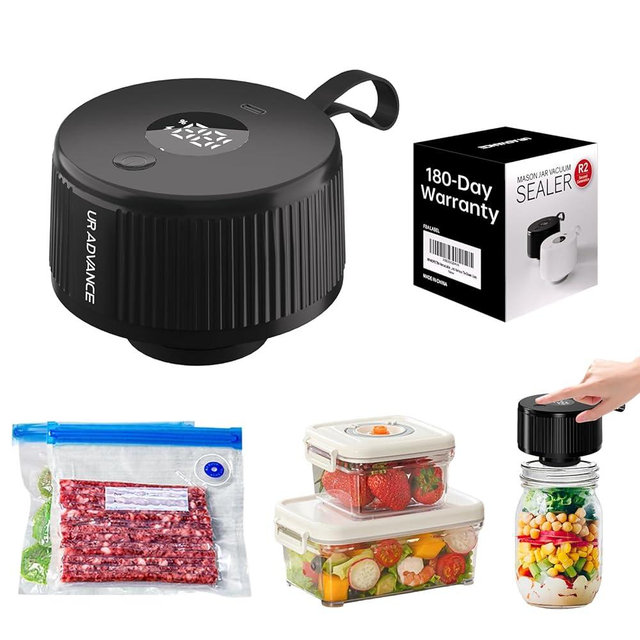 2nd Gen Electric Mason Jar Vacuum Sealer, 3-in-1 Auto-Stop Vacuum Sealer for Jars, Bags & Containers, 1H Fast Charge, 4H Battery Life, Up to 250 Seals, Mason Jar Sealer in 7s Easy One-Handed Operation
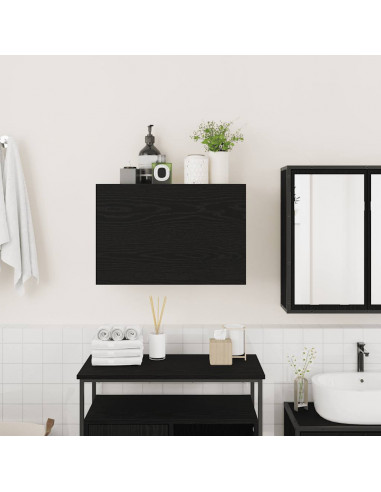 Mobile da Bagno a Parete Nero 60x25x40 cm in Legno Multistrato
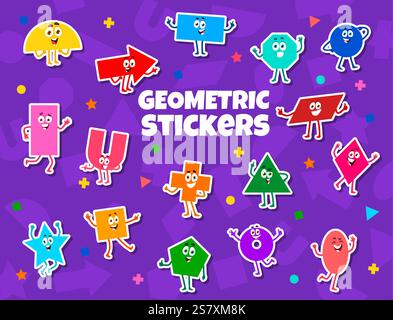 Math shape characters stickers pack. Cartoon geometric figures. Semi circle, arrow, rectangle, circle and octagon, parallelogram, u shape, cross and s Stock Vector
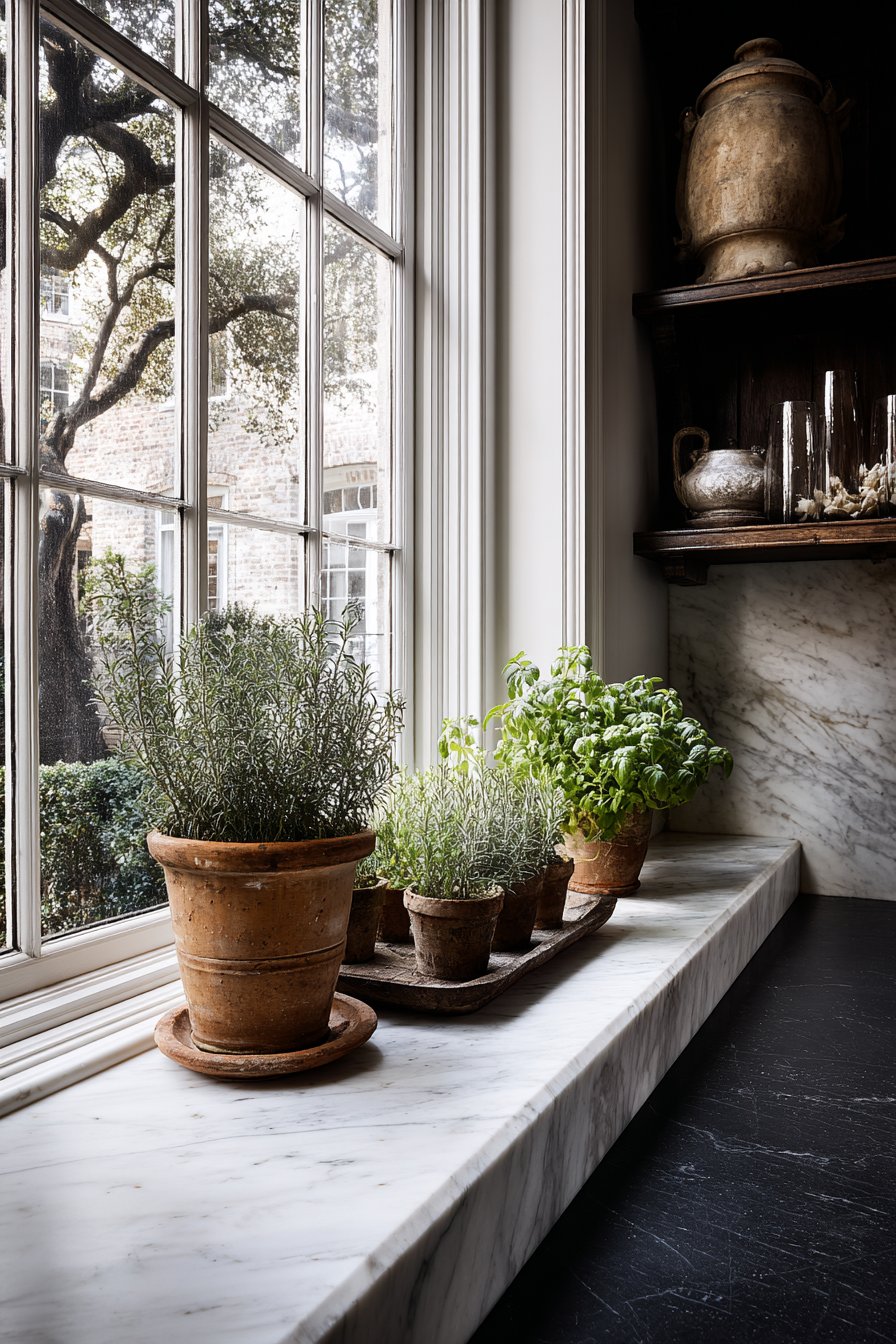 Marble Windowsill Workspace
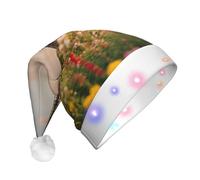 EdWal Beautiful Eiffel Tower Paris Print Led Christmas Beanie Light Up Christmas Hats, Knit Hats With Led Lights, Unisex Winter Santa Hat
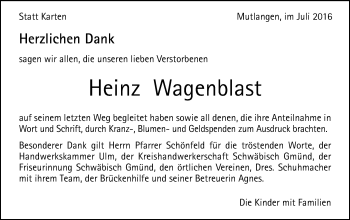 Traueranzeige von Heinz Wagenblast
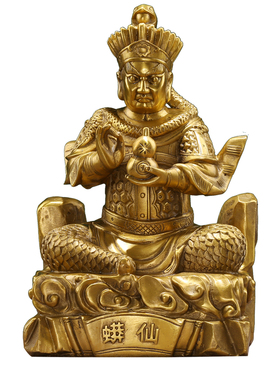 纯黄铜蟒太爷太奶保家神佛摆件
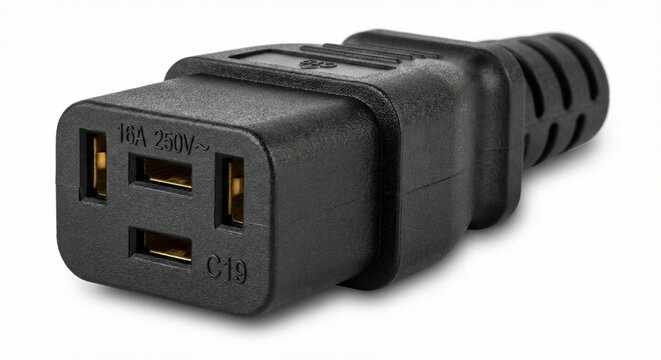Robust black industrial IEC C19 female power connector, rated for 16A 250V, used for server racks and data centers. Isolated on a pure white background.
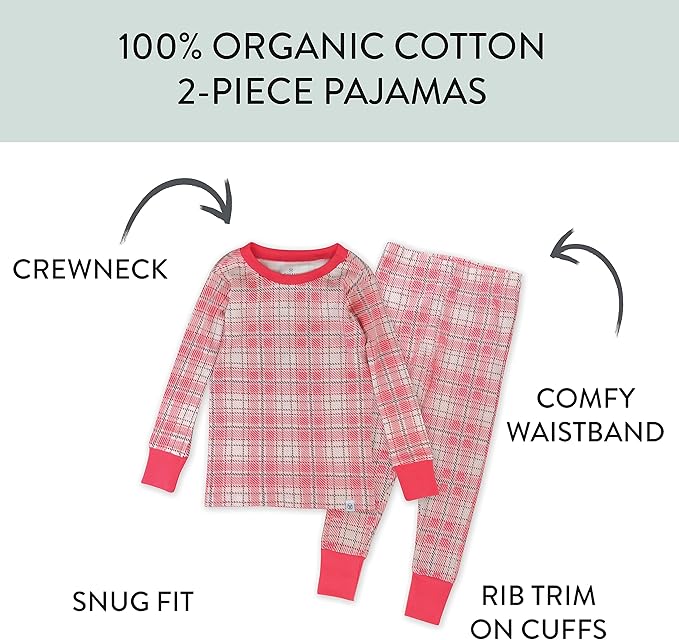 HonestBaby Classics 2-Piece Pajamas Sleepwear Pjs 100% Organic Cotton for Baby, Toddler, Kids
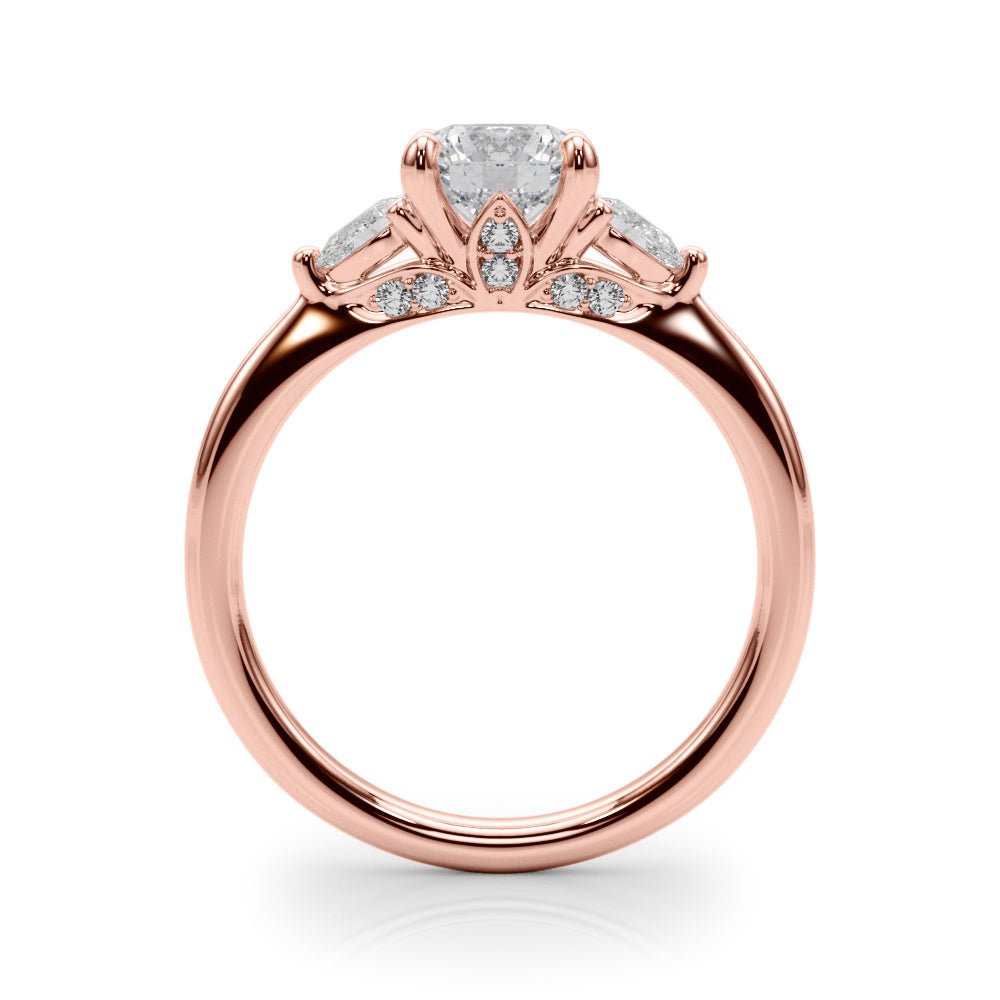 0.83CTW 14K Gold Ladies 3 Stone Past, Present, Round Brilliant Cut With Pear Shape Diamond Ring - Past, Present, Future - Design Jewellers Edmonton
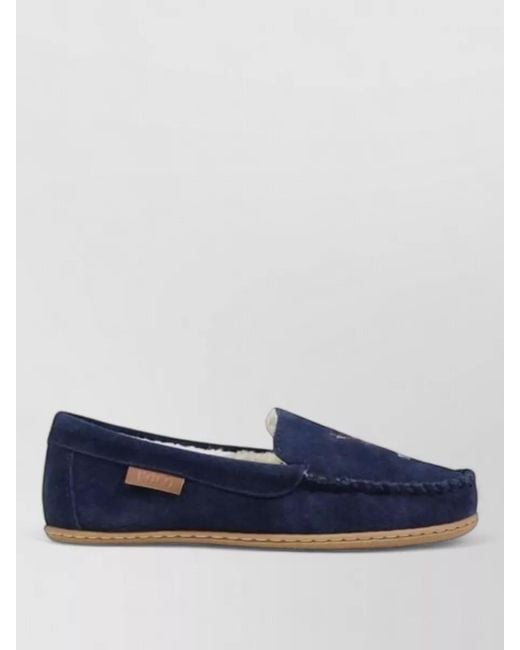Ralph Lauren Blue Suede Leather Slippers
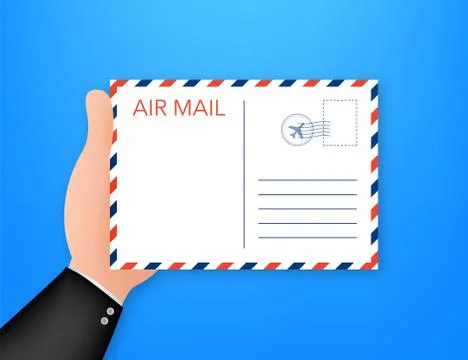 Air mail envelope with postal stamp isolated on white background. Vector Ilustração Stock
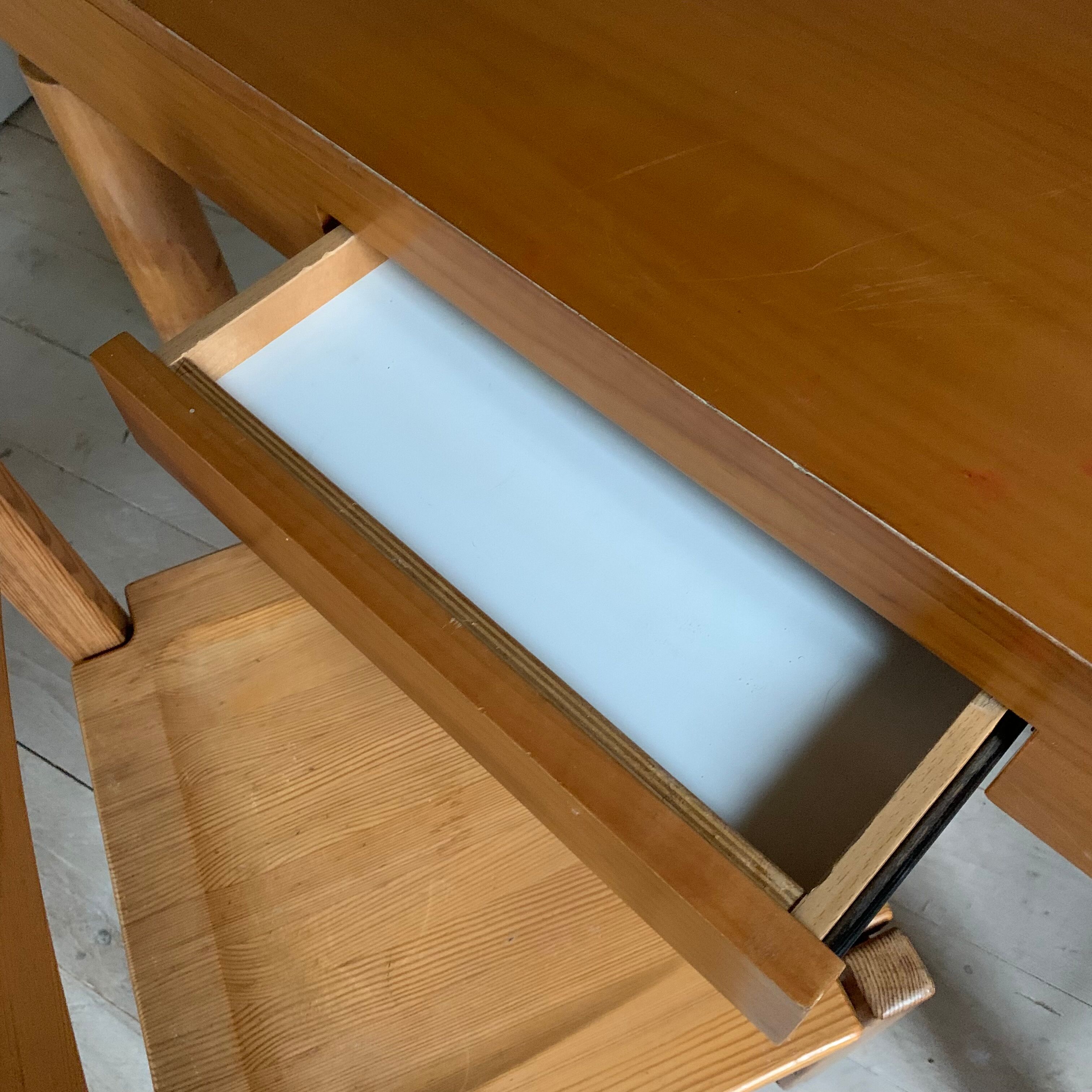 Bureau vintage en orme et chrome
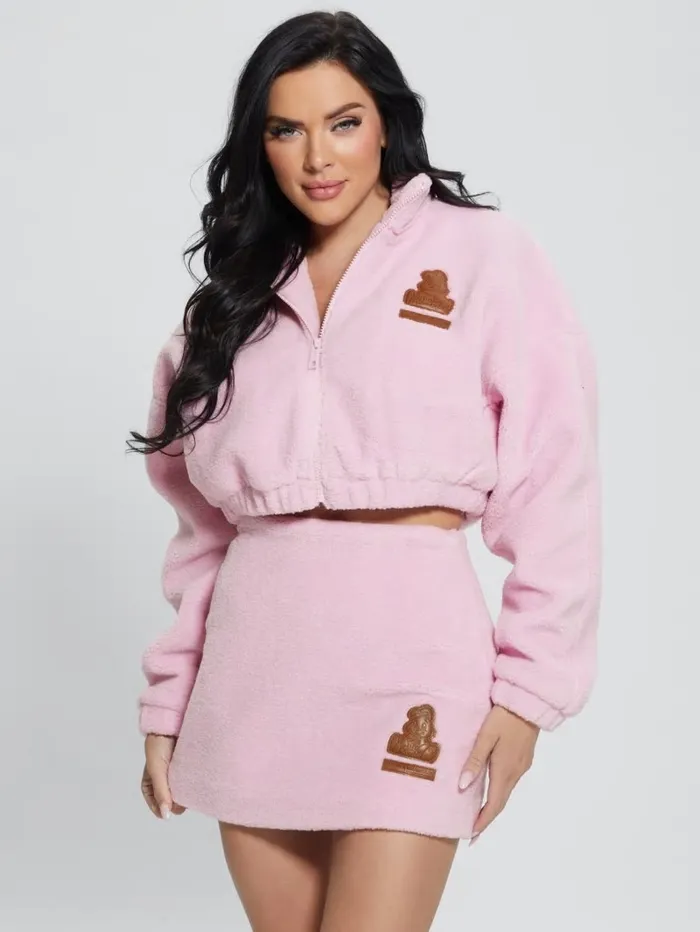 Sweaters and Knits Bunny Patch Sherpa Fleece Zip Jacket Spring Flower Pink 8211 GUESS Women Sweaters and Knits Bunny Patch Sherpa Fleece Zip Jacket Spring Flower Pink 8211 GUESS Women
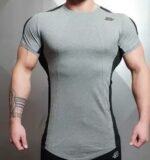 Muscle Brothers Fitness Sports Casual Breathable Short Sleeve T-Shirt Men's Quick Dry Outdoor Running Training Tops Solid Color - Image 5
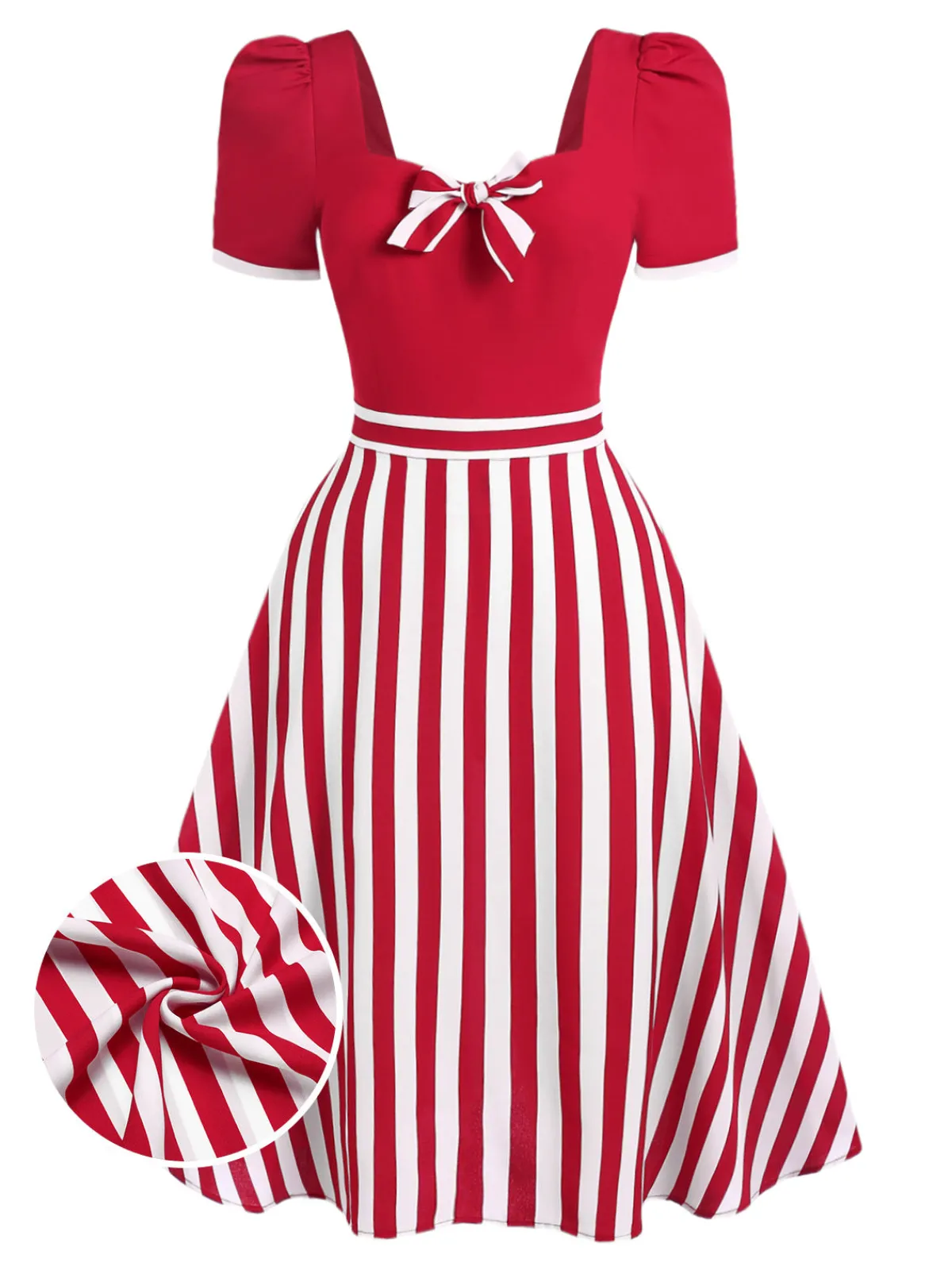 Clearance Retro Stage Red 1950s Striped Bow Dress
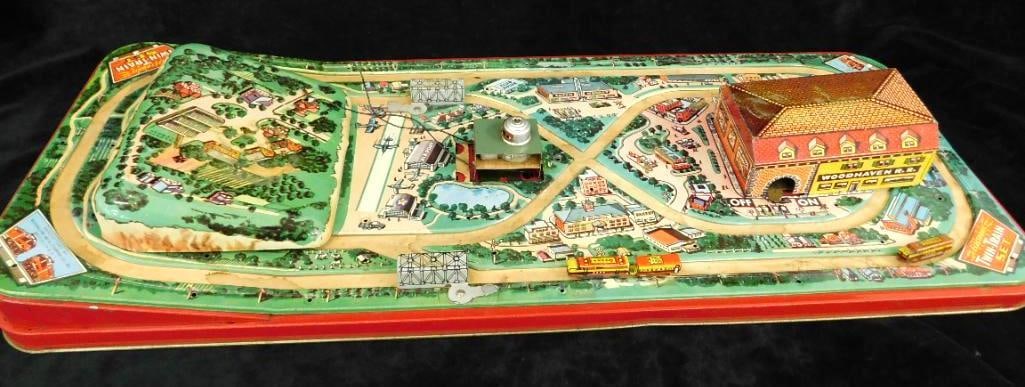 Vintage Woodhaven Metal Stamping Co. Litho Tin Electric Twin-Train Set - No Box - #372 (1 of 16)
========================
▶ **THE PROBLEM**: In the listing above, find the line containing "纯黄铜蟒太爷太奶保家神佛摆件" and the line containing "GUESS Women Sweaters"; print those lines and every line between them exactly, leaving out pictures.

▶ **TASK OUTPUT**:
 纯黄铜蟒太爷太奶保家神佛摆件
Robust black industrial IEC C19 female power connector, rated for 16A 250V, used for server racks and data centers. Isolated on a pure white background.
 HonestBaby Classics 2-Piece Pajamas Sleepwear Pjs 100% Organic Cotton for Baby, Toddler, Kids
 0.83CTW 14K Gold Ladies 3 Stone Past, Present, Round Brilliant Cut With Pear Shape Diamond Ring - Past, Present, Future - Design Jewellers Edmonton
Ralph Lauren Blue Suede Leather Slippers
 Air mail envelope with postal stamp isolated on white background. Vector Ilustração Stock
 Bureau vintage en orme et chrome
 Sweaters and Knits Bunny Patch Sherpa Fleece Zip Jacket Spring Flower Pink 8211 GUESS Women Sweaters and Knits Bunny Patch Sherpa Fleece Zip Jacket Spring Flower Pink 8211 GUESS Women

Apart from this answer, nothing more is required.